Coformulated cabotegravir/rilpivirine (CAB/ RPV), an INSTI and NNRTI combination, is the most-studied LAI for HIV treatment and prevention. The ATLAS and FLAIR studies assessed intramuscular CAB/RPV in virologically suppressed patients. ATLAS included patients who were virologically suppressed for 6 months on any oral 3-drug ART, whereas FLAIR included patients who were virologically suppressed at least 20 weeks on abacavir/ lamivudine/dolutegravir. Both studies required an oral CAB plus oral RPV lead-in period for 4 weeks prior to LAI CAB/RPV initiation. Both studies found that CAB/RPV administered every 4 weeks was noninferior to oral therapy at 48 weeks.3,4
Over 97% of patients in both studies who completed a satisfaction survey preferred CAB/RPV over oral ART.4 CAB/ RPV was submitted to the US Food and Drug Administration for approval for HIV treatment simplification in early 2019.
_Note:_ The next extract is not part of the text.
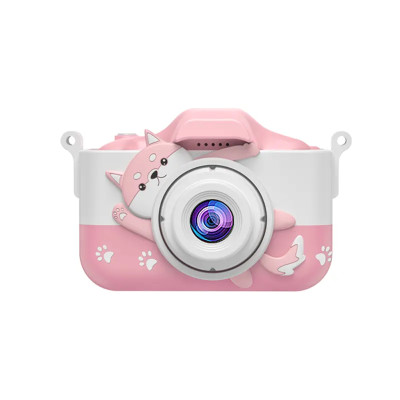 Detský digitálny fotoaparát Cat (biely a modrý), silikónové puzdro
A phase 3 study assessing the use of intramuscular CAB/RPV given every 8 weeks is also under way. In addition, a phase 2/3 study is comparing LAI CAB and emtricitabine/ tenofovir disoproxil fumarate (FTC/TDF) for pre-exposure prophylaxis (PrEP).5
Despite the promise that LAI CAB/RPV has shown in patient satisfaction and clinical outcomes, using this medication in real-world settings poses many challenges. LAI CAB/RPV would require patients to be seen by a health care professional at least every 4 to 8 weeks for injection rather than every 3 to 6 months for routine follow-up. In addition, due to the long half-lives, prolonged toxicities may occur with unclear risk of resistance. Little is known about the potential harm and appropriate management of missed doses. As described in the studies, a 4-week lead-in period of oral CAB and RPV is required, and even though patient satisfaction was high in the studies, real-world adherence and satisfaction results are imperative to identify the appropriate population for this regimen.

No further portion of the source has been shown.